The plaintiffs are James and Francis Salvatore, Dominica Vannie and Josephine Petinus. As contestants, they claim to have proven that the testator did not have sufficient mental capacity to make a valid will, that he was unduly influenced by Anna Hayden and Mary Quagliaroli, and that the latter, having procured an attorney to prepare the will, guided the testator's hand in the execution of it while the testator was in a weak, feeble physical condition and in a confused and emotionally disturbed state of mind.
The defendant assigns error in the finding of certain paragraphs of her claims of proof. She also assigns error in the finding of a number of paragraphs of the plaintiffs' claims of proof. In a jury case the claims of proof are used, not to test the court's ruling on the motion to set aside the verdict, but to consider errors claimed in the rulings during the trial and in the charge. The claims of proof found fairly present the facts necessary for this purpose. Maltbie, Conn. App. Proc. (2d Ed.) p. 199. Furthermore, a litigant ordinarily may not force into the claims of proof of his adversary factual matters which are objectionable to the latter and upon which he does not rely. Castaldo v. D'Eramo, 140 Conn. 88, 93, 98 A.2d 664; Maltbie, op. cit., p. 199. No corrections are warranted.

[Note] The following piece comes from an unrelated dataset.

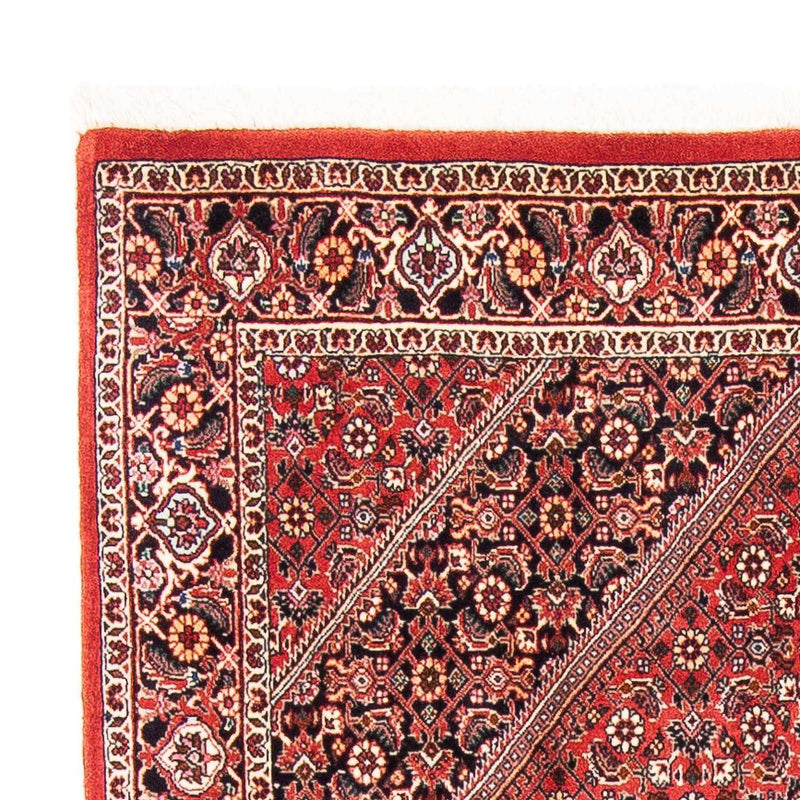 Perserteppich - Bidjar - Royal 181 x 110 cm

The court did not err in denying the motion to set aside the verdict. Under proper instructions from the court, the questions of the mental capacity of a testator and undue influence present issues of fact. Nichols v. Wentz, 78 Conn. 429, 435, 62 A. 610; Spencer v. Merwin, 80 Conn. 330, 335, 68 A. 370; Saunders Appeal, 54 Conn. 108, 116, 6 A. 193; 2 Locke Kohn, Conn. Probate Practice, 329. On this feature of the appeal, the absence of an assignment of error attacking the charge, apart from one which will be discussed hereinafter, warrants the assumption that the charge was otherwise correct in law and sufficient for the guidance of the jury. Efland v. Guyott Construction Co., 138 Conn. 183, 186, 82 A.2d 925; Leverone v. New London, 118 Conn. 463, 467, 173 A. 108. The testimony on both mental capacity and undue influence was conflicting. An examination of all the evidence printed in the appendices discloses a sufficient basis, as to both issues, reasonably to support the verdict. The claim is made that there was no direct evidence of undue influence. Undue influence need not be proved by direct evidence; it may be inferred from all the circumstances. Wheeler v. Rockett, 91 Conn. 388, 394, 100 A. 13; 2 Locke Kohn, op. cit., 321. There was evidence of sufficient facts and circumstances from which the jury reasonably could have found undue influence. Lee v. Horrigan, 140 Conn. 232, 239, 98 A.2d 909. Moreover, since no interrogatories were filed, the verdict, being a general one, can readily be supported on the ground of lack of testamentary capacity. Ross v. Koenig, 129 Conn. 403, 405, 28 A.2d 875; see Doolittle v. Upson, 138 Conn. 642, 643, 88 A.2d 334.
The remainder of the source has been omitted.